(Tim, w/thanks to James) Who are my heroes from the last half of the twentieth century? Among others, Mother Teresa, John Cardinal O'Connor, Francis Schaeffer, Martyn Lloyd-Jones, Joe Sobran, Iain Murray, Dad and Mom (Ken & Margaret) Taylor, John Piper, Dad and Mud (Joe & Mary Lou) Bayly, Elisabeth Elliot, Erwin Raphael McManus, Paige Patterson, Mrs. Kent (Barbara) Hughes, Doug Wilson, and Alexander Solzhenitsyn. (One of these is a joke--you figure it out.)
About twenty years ago, I read Michael Scammell's Solzhenitsyn: A Biography. A very long read, it was superb and I commend it although I'm sure it's been superseded in more recent years. Personally, I'd attribute the fall of Communism more to Solzhenitsyn's courageous writing than any other factor, including Reagan's famous...
"Mr. Gorbachev, open this gate! Mr. Gorbachev, tear down this wall!"

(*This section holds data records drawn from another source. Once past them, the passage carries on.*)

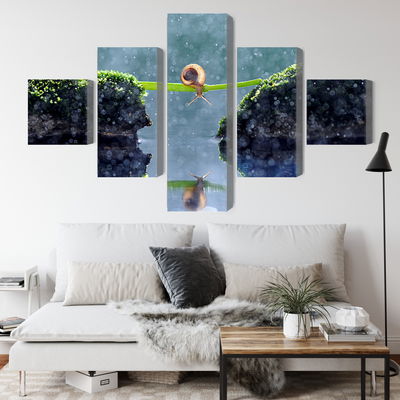 Ljuddämpande tavla - Snail in the rain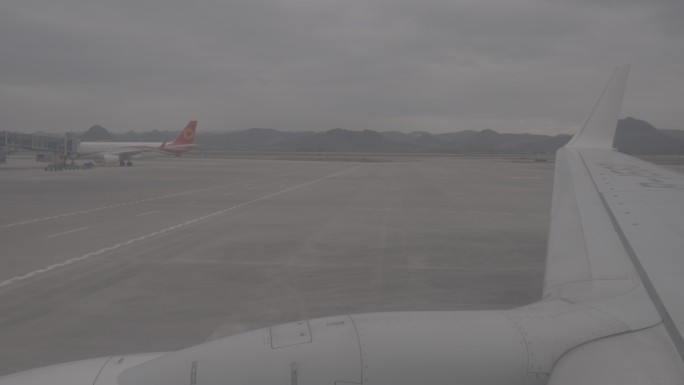 飞机 机翼 雾气 傍晚 航班 窗户眩窗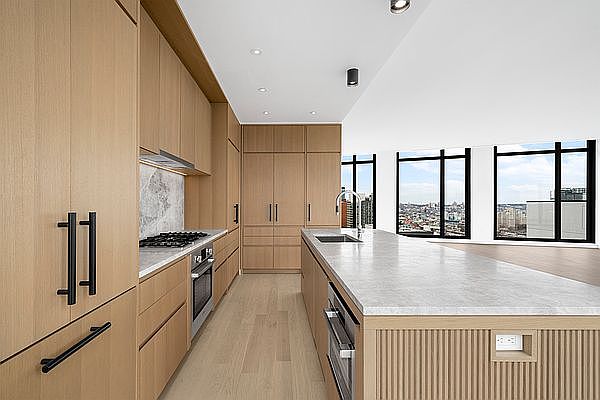 1st image of 1 Boerum Pl APT 22A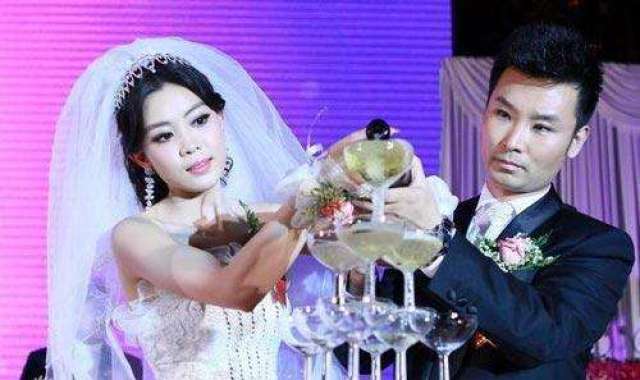 刘和刚和战扬结婚照片.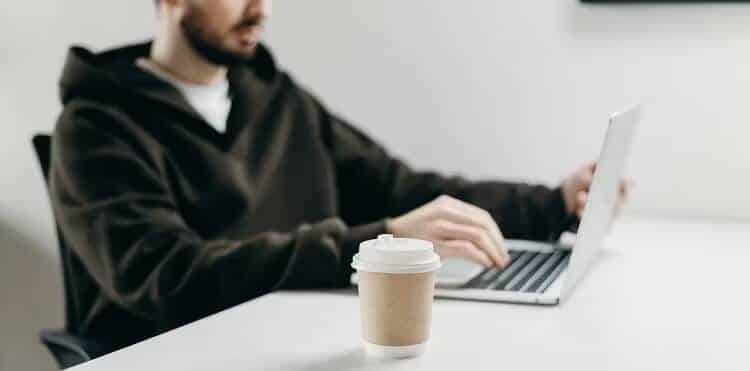 صورة لـ طرق لتعزيز حياتك المهنية كموظف عن بُعد أو على أساس مُختلط | 1GPo83PyEYVT5h2eYXgouGg-DzTechs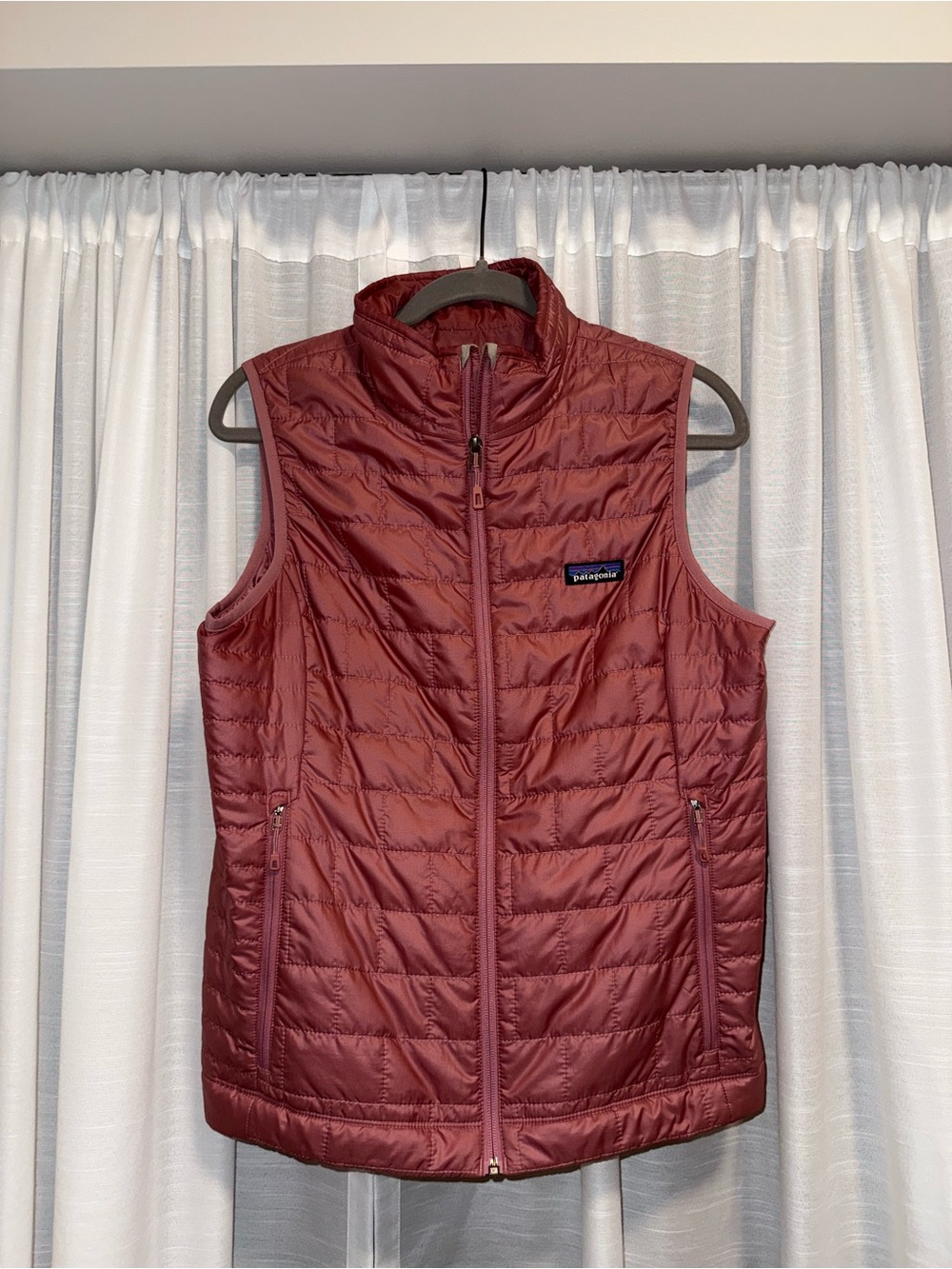 Patagonia Women's Lightweight Quilted Vest - Mauve pink color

So it was with great sadness that I read of Solzhenitsyn's death this week. Here's his last interview published in The Independent. It's a fascinating view of Russia from a wise man deeply in love with his country. Read it for a helpful explanation of the challenges facing Russia today and the misunderstandings that dog her relations with the West. The interview concludes with this poignant exchange:
Q: In 1987 you said it was really hard for you to speak about religion in public. What does faith mean for you?
Solzhenitsyn: For me faith is the foundation and support of one's life.
Q: Are you afraid of death?
Solzhenitsyn: No. When I was young, the early death of my father cast a shadow over me – and I was afraid to die before all my literary plans came true. But between 30 and 40 years of age my attitude to death became quite calm and balanced. I feel it is a natural, but no means the final, milestone of one's existence.
Q: Anyhow, we wish you many years of creative life.
Solzhenitsyn: No, no. Don't. It's enough.